It appears ALEC has instructed Pat McCrory to weaken our Renewable Energy Portfolio Standard. McCrory’s comments weren’t conclusive, but they used enough right-wing code words like “role of government” to communicate a destructive intent. We’d better get ready for another wearying battle to defend progress. The Renewable Energy Standard must be kept, and every argument against it is specious or ignorant.
The Standard requires utility companies (nowadays, one utility company) to produce 12.5% of their electricity from renewable sources by 2021. This is an exceptionally modest request–New York requires 30% by 2015. But despite its small scale, the Standard has already produced more utility-scale solar farms than any other state. Along with an expanding capacity, we’ve achieved the second-highest Green Jobs growth rate in the U.S. for two straight years. Solar energy offers far greater job-creation potential than fracking, which only creates one-third of the jobs per dollar invested.

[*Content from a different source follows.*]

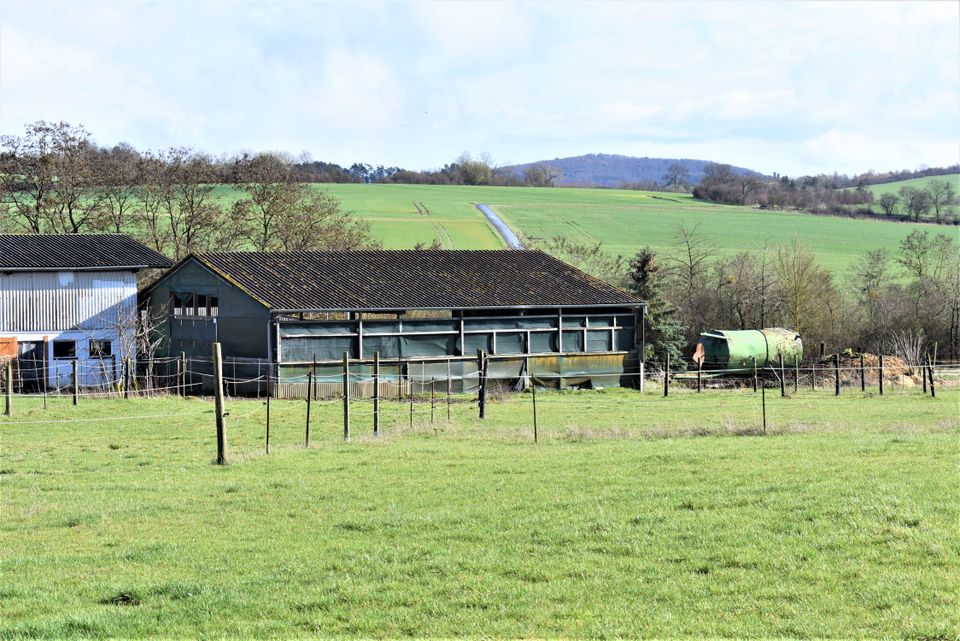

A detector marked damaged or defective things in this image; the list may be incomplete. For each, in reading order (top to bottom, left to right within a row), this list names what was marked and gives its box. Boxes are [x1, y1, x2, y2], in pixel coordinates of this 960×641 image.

rusty metal panel [0, 268, 137, 330]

The Standard is necessary to sustain this trend. In the short run, it’s cheaper for utilities to invest in greater coal capacity. That’s because every high-tech industry requires government assistance to get off the ground. Once Solar achieves significant momentum, though, experts think it will be at least as cheap as coal very soon. It will create twice as many jobs and spur much more technological innovation.

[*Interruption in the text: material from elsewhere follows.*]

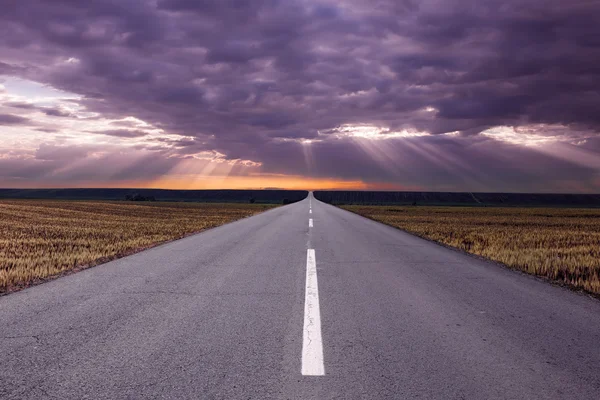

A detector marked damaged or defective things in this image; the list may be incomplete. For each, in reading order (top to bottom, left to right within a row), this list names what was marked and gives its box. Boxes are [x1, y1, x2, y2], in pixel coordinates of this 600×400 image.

cracked asphalt [1, 192, 600, 398]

Republicans’ main anti-renewables talking point is that these sources are “too expensive” and “uncompetitive.” But the GOP doesn’t care about electricity costs. This year’s tax “reform” bill levied taxes on utility bills. McCrory, a wholly owned subsidiary of Duke Energy, didn’t speak out against his patron’s 4.5% rate increase. And they all aggressively support new nuclear plants, whose generation costs are three times current electricity rates.
Lingering below the “cost” argument is free-market fundamentalism. Since it currently requires support, they view clean energy as morally debased. That is no reason to kill a growth industry. The fact is, high-tech industries emerge with help from the public sector. The Wright Brothers themselves benefited from key government contracts.
The Renewable Energy Standard, then, has catalyzed the creation of over 15,000 permanent jobs and is key to sustaining the industry’s momentum. No empirically minded person should oppose the policy. It sounds crude to say so, but the Energy Standard debate shows just how fickle and venal McCrory really is. Earlier this year, he was declaring “Solar Energy Month.” Then a special-interest group came by and he agreed to kneecap the industry.
Somebody needs to knock some sense into the guy, if it’s possible.
*Unless individually linked, most data points in this article come from this brochure.